### Required action
Leave the images behind and copy every record exactly.

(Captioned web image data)
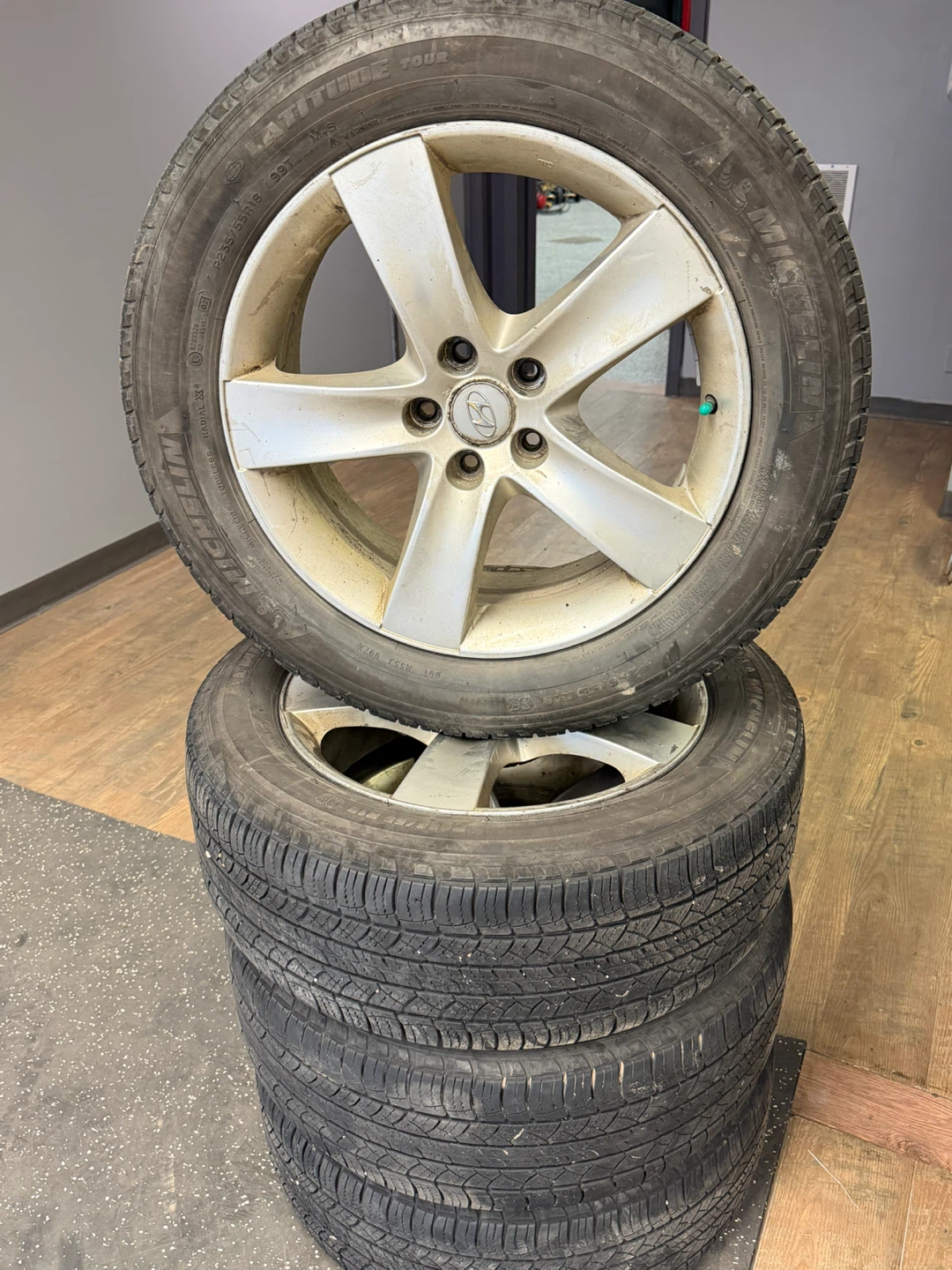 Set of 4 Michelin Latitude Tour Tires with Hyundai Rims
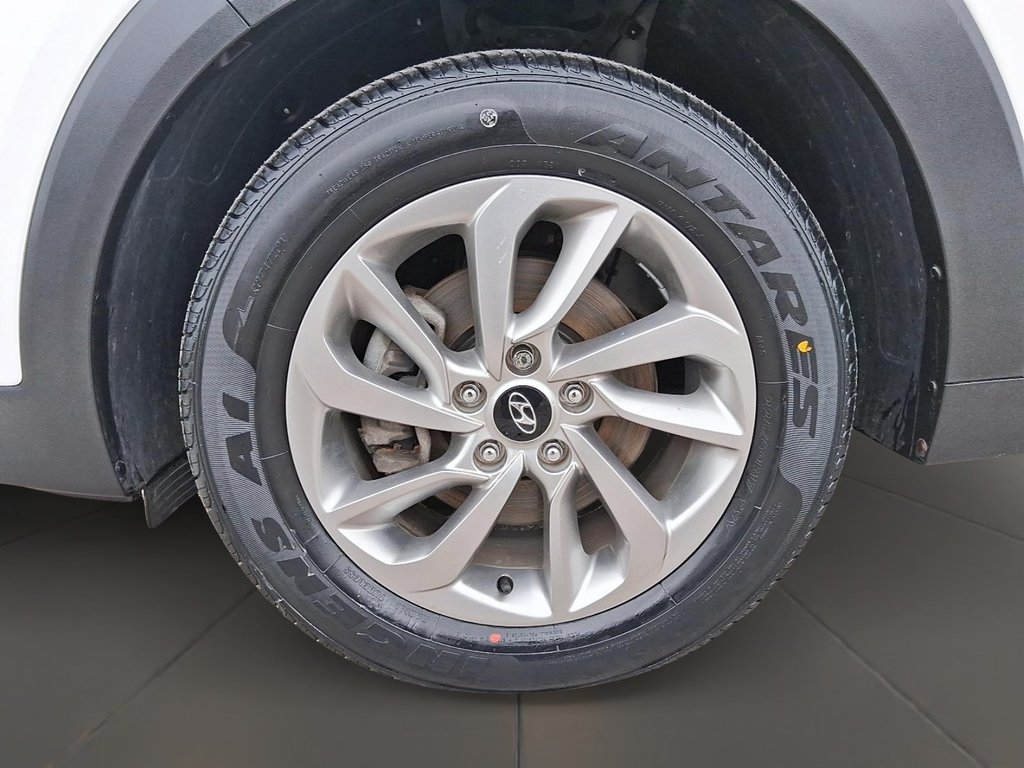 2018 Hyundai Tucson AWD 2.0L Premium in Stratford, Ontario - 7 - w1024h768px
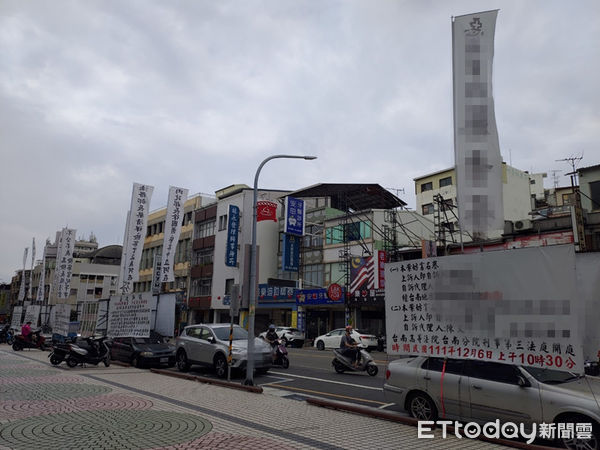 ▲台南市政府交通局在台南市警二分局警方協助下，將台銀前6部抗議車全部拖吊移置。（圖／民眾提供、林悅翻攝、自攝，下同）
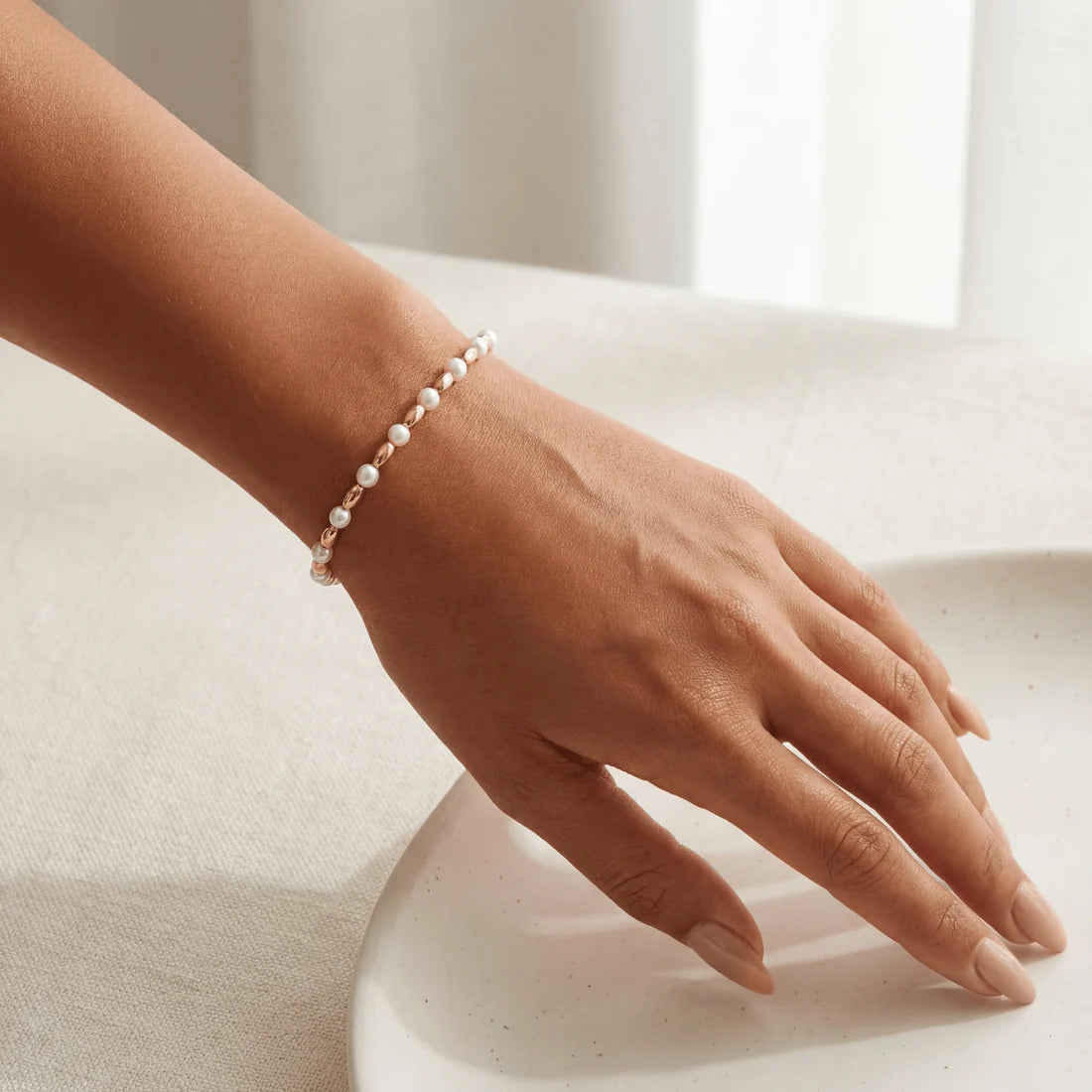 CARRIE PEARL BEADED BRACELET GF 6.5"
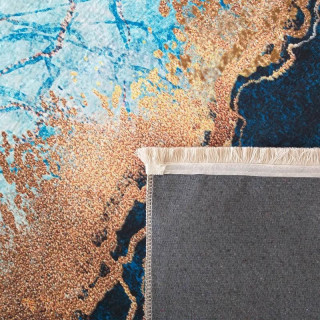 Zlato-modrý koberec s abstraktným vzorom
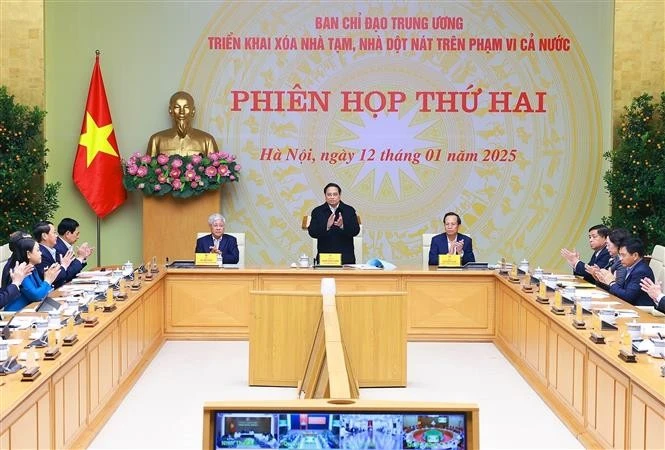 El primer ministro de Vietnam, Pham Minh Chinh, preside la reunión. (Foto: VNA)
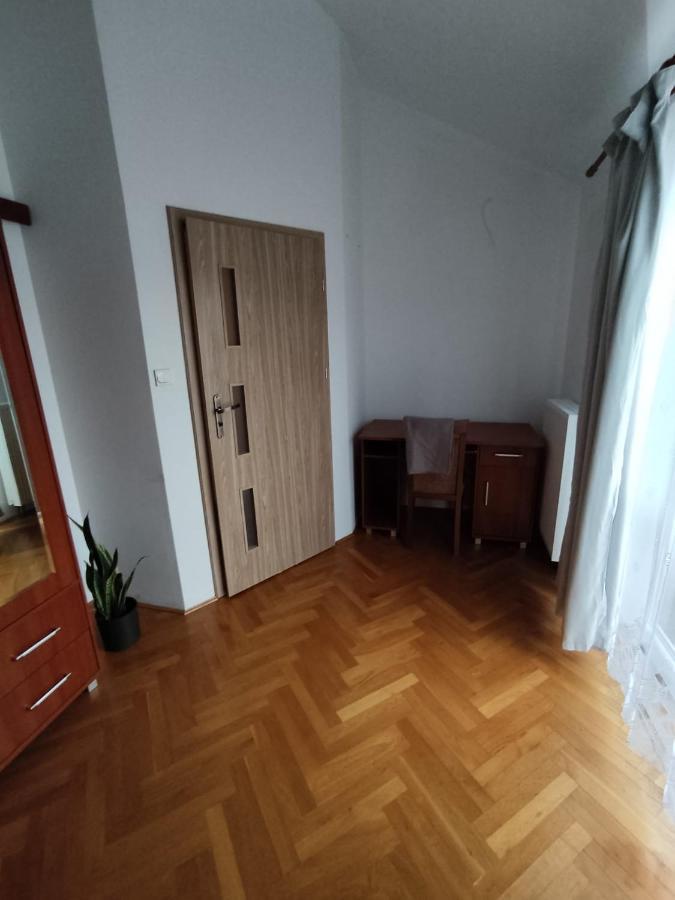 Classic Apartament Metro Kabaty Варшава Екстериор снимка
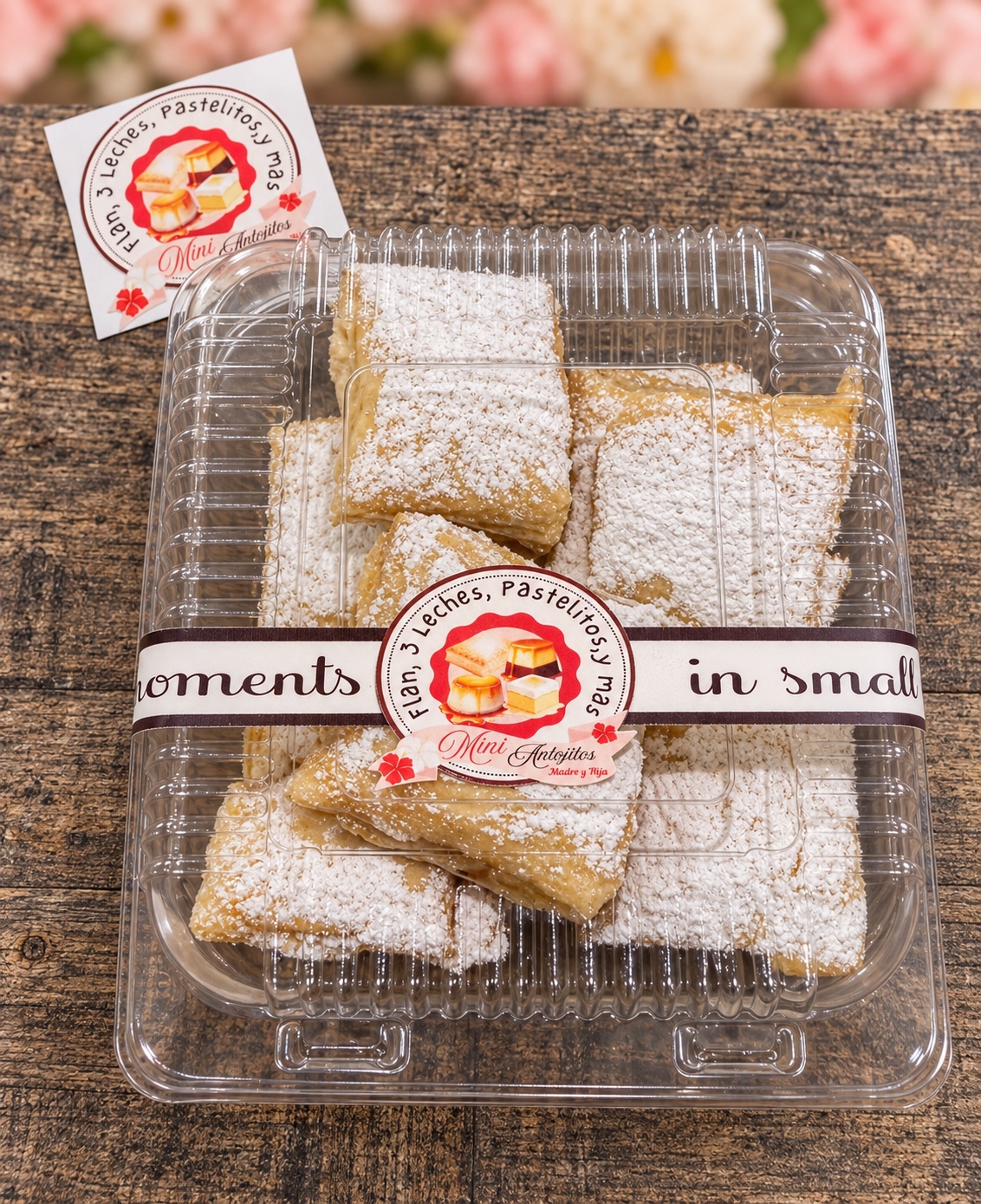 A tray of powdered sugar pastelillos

### Response below
 Set of 4 Michelin Latitude Tour Tires with Hyundai Rims
 2018 Hyundai Tucson AWD 2.0L Premium in Stratford, Ontario - 7 - w1024h768px
 ▲台南市政府交通局在台南市警二分局警方協助下，將台銀前6部抗議車全部拖吊移置。（圖／民眾提供、林悅翻攝、自攝，下同）
 CARRIE PEARL BEADED BRACELET GF 6.5"
 Zlato-modrý koberec s abstraktným vzorom
 El primer ministro de Vietnam, Pham Minh Chinh, preside la reunión. (Foto: VNA)
 Classic Apartament Metro Kabaty Варшава Екстериор снимка
 A tray of powdered sugar pastelillos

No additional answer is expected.